俺が自己紹介を終えると同時にクラス中が一斉に騒ついた。
いや普通だったからな? お前らのに比べたら。地味とか言ったら怒るからな?
「無能力だと⁉︎」
「能力持ちに無能力で対抗しようとしているのか⁉︎」
クラスメイトたちは信じられないものを見たという眼差しを俺に向ける。いや、別に嘘つく気なんてさらさらないからね?
「っ! 俺は理解ったぞ。こいつは保有能力を敢えて偽ることによって俺たちの保有能力を把握しつつ、自分の能力を周囲に悟らせないという姑息な手段に出たのだ!」
「「「「「それだぁぁぁぁぁ!!」」」」」
ちげーよ! という言葉が喉元まで出かかったが、何とか飲み込む。なんかもう面倒くさかったし。
そして俺の番が終わり後ろに順番が回っていく。言わずもがな俺の後の奴等は保有能力を隠して自己紹介。当たり障りのない自己紹介が続いた。
「——保有能力はない。よろしく頼む」
ふぁぁぁ。退屈になってきたな。次の奴は…。
そいつは一番前の席を立つとクラスメイトの方に向き直った。
「片方だけ閉じられた眼…まさか魔眼使いか?」
「ここまでの逸材がただの生徒として収まっているとは…。やはりこの学園は粒が多い」
クラスメイトたちも俺の時とは明らかに異なったざわつきを見せ始める。魔眼使い、と呼ばれたその少女はそんなざわつきを掻き消すように口を開いた。

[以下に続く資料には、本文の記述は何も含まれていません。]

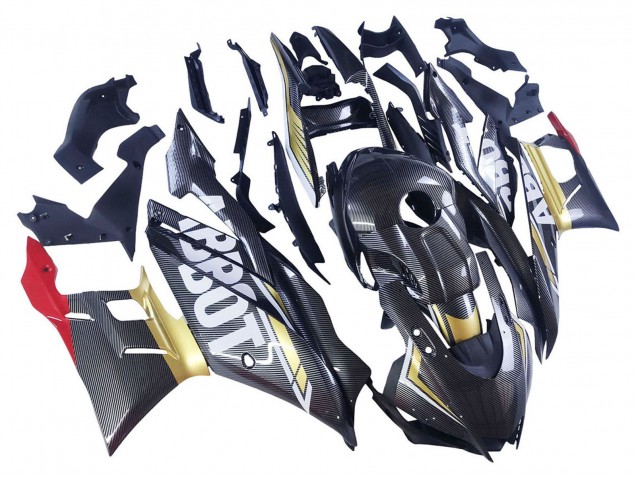 2022-2024 Yamaha YZF R3/R25 Motorcycle Fairings - Black Carbon Fiber Style Gold Red ABBOT UK Manufacturers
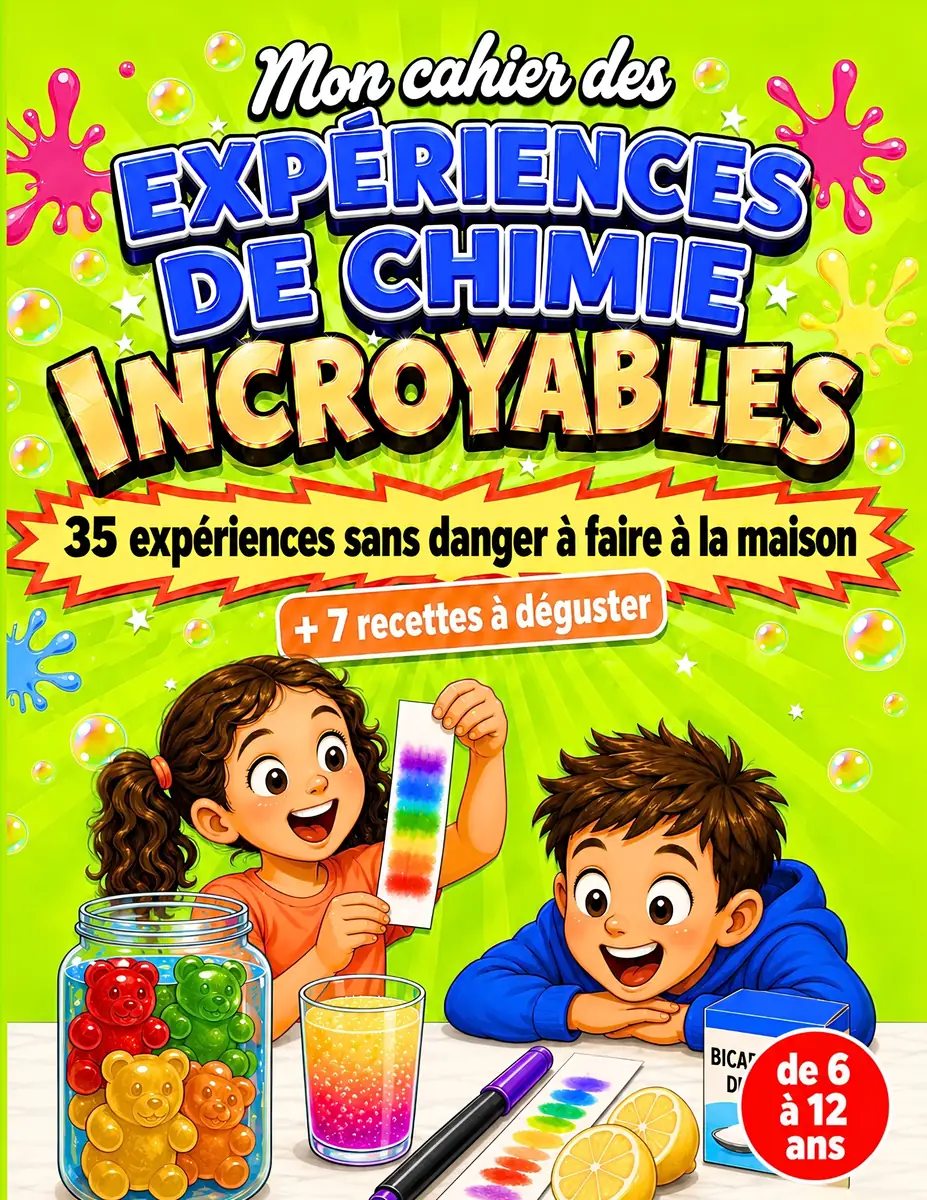 Mon cahier des Expériences de Chimie Incroyables, 35 expériences, 6-12 ans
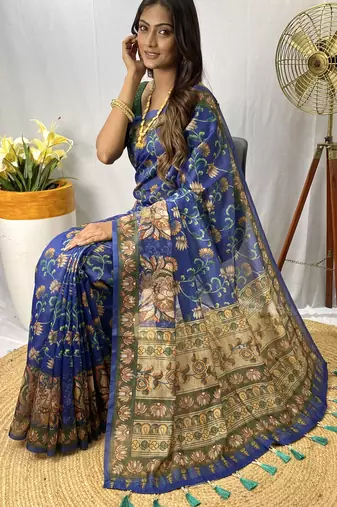 Blue Chanderi Style Cotton Saree And Digital Printed Saree With Blouse For Women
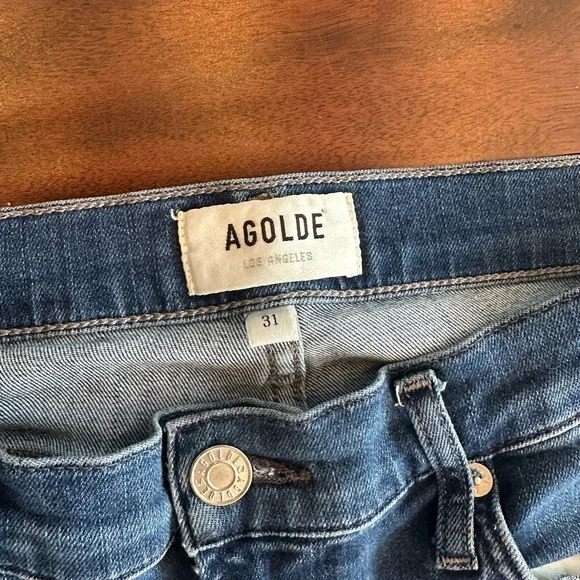 $158 Agolde Sophie Crop High Rise Skinny Jeans in Claremont Sz 31 - Picture 4 of 5
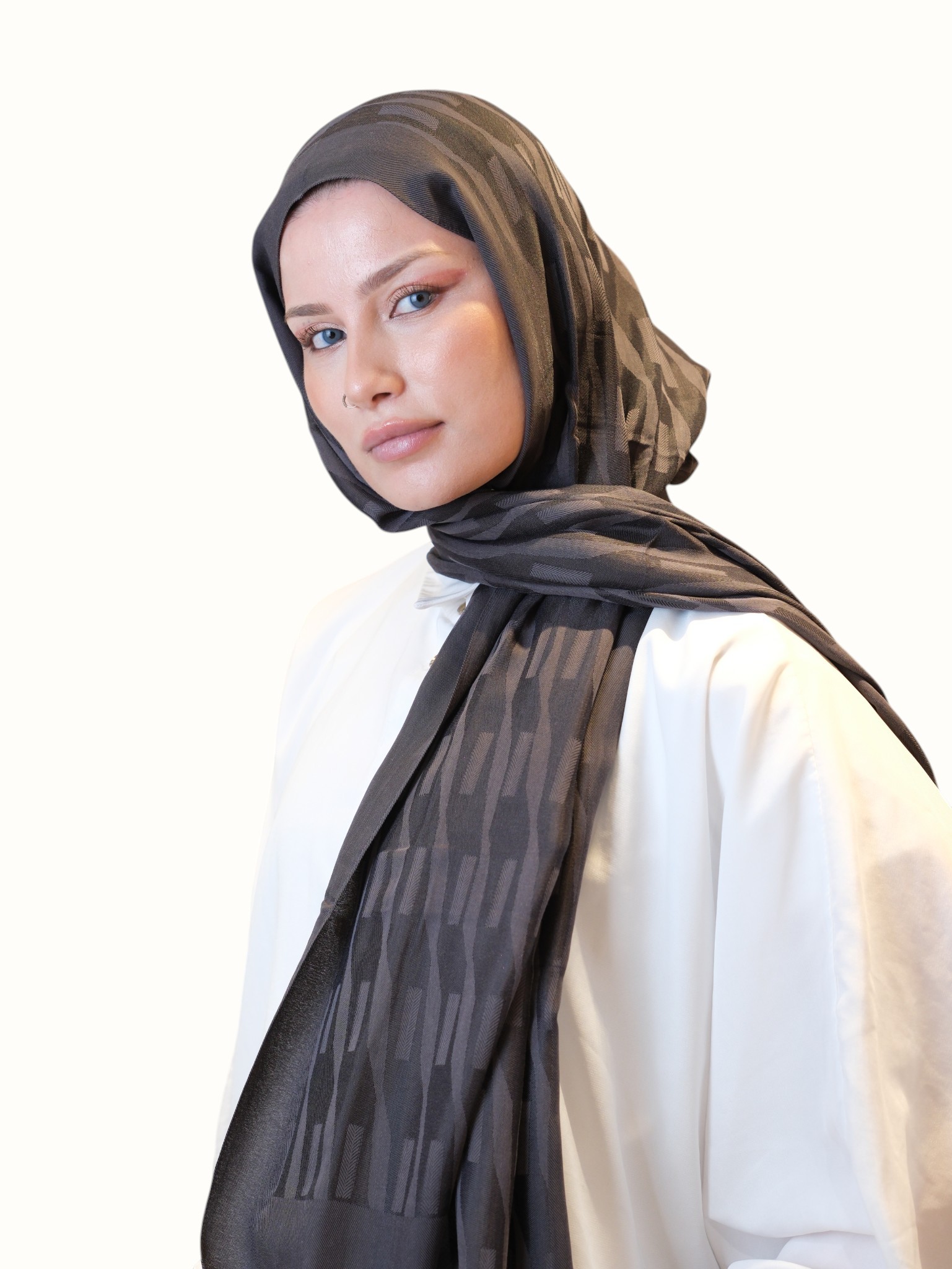 Fresh Scarfs Pamuk Floş Jakarlı Şal Tozlu Kahve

「姫野舞姫。好きな食べ物も将来の夢も無いわ。保有能力は『見切りの魔眼』。よろしく」
整った顔立ちに気の強そうな目。髪は肩のあたりまで伸び、よく通ったその声はクラスメイトたちの耳を釘付けにする。
そして何より特徴的なのは左眼に掛けられた片眼鏡であろう。眼鏡を付けているにも関わらず、何故か左眼は固く閉ざされている。
なんで目を閉じてるんだ? 病気、でもそれなら眼帯だよな。オシャレですか? なんて聞いたらあの氷の目で射殺される気がしてならない。
こいつも関わらないのが吉だな。
姫野と名乗ったその少女は周囲の視線に意に介さず、何てことないように平然と席に座った。
その後も自己紹介は続いたが、姫野のようなクラスメイトたちを沸かせるような生徒は現れず、無事幕を閉じた。